Search code examples
pythonpython-3.xpandasoracle-databasesqlalchemy

pandas df.to_sql to Oracle database datatype inconsistency


Problem

I have a pandas dataframe and I'm trying to use the pd.df.to_sql() function to an Oracle database. My Oracle database is 19.3c. Seems easy enough right? Why won't it work??

I saw in a few other another stackoverflow posts that I should be using sqlalchemy datatypes. Okay. Links:

from sqlalchemy.types import Integer, String
from sqlalchemy.dialects.oracle import NUMBER, VARCHAR2, DATE

oracle_dtypes = {
        'id' : NUMBER(38,0),
        'counts' : Integer,
        'name' : VARCHAR2(50),
        'swear_words' : String(9999)
        'date' : DATE()   
}

df_upload.to_sql(
    "oracle_table", 
    db.engine, 
    schema="SA_COVID", 
    if_exists="replace", 
    index=False
    dtype=oracle_dtypes
)

It never fails to convert random groups to CLOB or some other random datatypes. What should I do?

Things i've tried

I've tried and didn't work...

  • trucating (sending a SQL statement to the db from python) the table first then if_exist="append"
  • using the if_exist="replace"
  • using Oracle specific dialect of sqlalchemy datatypes only
  • using the generic sqlalchmey datatypes only
  • using a mix of both just bc I'm frustrated

Maybe it's an Oracle specific issue?

Things I haven't tried:

Things I haven't tried:

  • Dropping table and just recreating it before insert
  • to_sql adhoc and the send a series of some ALTER TABLE tbl_name MODIFY col_name

Related Links:


Solution

  • Turns out I needed to double check the incoming datatypes from the API into my pandas dataframe (made a dumb assumption the data was clean)... The API was yielding all strings, and using df.info really helped.

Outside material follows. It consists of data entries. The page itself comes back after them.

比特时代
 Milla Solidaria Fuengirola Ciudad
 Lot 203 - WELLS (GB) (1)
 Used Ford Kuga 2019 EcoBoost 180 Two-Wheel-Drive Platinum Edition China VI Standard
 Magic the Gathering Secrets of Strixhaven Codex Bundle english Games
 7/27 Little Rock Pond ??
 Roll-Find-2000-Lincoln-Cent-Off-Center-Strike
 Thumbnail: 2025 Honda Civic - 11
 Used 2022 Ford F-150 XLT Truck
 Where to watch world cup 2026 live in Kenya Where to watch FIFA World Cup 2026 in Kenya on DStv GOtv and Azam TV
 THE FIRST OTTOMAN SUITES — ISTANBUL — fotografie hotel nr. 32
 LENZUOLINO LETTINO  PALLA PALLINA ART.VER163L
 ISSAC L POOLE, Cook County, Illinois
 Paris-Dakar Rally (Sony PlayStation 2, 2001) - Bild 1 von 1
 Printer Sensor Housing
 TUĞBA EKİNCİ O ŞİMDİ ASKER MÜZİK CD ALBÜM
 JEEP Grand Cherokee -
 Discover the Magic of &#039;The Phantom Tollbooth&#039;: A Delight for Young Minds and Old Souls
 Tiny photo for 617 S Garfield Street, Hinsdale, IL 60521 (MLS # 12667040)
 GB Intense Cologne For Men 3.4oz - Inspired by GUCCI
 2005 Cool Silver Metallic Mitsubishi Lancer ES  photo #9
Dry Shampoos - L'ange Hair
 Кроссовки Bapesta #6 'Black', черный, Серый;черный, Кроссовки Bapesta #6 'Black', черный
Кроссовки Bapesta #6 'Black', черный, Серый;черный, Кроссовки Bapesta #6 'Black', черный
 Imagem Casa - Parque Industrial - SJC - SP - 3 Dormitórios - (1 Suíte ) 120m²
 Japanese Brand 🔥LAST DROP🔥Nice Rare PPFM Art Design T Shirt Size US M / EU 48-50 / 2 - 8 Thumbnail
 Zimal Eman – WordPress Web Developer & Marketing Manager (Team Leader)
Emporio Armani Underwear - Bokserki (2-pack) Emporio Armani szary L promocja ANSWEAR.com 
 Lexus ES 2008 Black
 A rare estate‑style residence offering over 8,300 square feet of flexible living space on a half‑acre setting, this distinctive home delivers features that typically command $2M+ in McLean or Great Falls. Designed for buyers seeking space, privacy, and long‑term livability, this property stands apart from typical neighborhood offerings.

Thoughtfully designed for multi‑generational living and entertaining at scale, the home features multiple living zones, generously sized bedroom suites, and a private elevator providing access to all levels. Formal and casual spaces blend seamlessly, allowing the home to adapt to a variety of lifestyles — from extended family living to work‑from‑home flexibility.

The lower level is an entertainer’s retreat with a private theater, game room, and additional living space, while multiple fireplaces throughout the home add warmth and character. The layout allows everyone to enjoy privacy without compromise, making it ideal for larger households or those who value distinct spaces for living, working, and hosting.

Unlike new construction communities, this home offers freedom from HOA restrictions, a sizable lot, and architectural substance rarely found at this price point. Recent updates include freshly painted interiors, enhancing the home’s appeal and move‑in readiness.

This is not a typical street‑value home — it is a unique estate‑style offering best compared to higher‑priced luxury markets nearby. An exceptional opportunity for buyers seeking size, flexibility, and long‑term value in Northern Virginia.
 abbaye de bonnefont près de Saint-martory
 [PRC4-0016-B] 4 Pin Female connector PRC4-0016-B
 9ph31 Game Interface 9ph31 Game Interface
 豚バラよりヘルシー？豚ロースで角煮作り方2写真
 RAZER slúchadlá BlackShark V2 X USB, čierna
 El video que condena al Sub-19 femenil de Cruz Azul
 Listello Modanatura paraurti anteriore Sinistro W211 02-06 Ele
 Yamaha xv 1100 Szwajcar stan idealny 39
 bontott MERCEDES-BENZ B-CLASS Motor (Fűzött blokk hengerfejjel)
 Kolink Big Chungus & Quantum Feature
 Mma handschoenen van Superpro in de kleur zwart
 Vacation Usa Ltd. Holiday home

    Needed to convert all the the integer, numeric, and dates to the appropriate datatypes in python (that was the main issue), and from there could re-map the the database datatypes. In short...

    API (all strings) --> Python (set datatypes) --> Database (map datatypes using sqlalchemy)

    I used the pd.Int64Dtype() for integer columns with null values, and 'datetime64[ns]' for datetimes.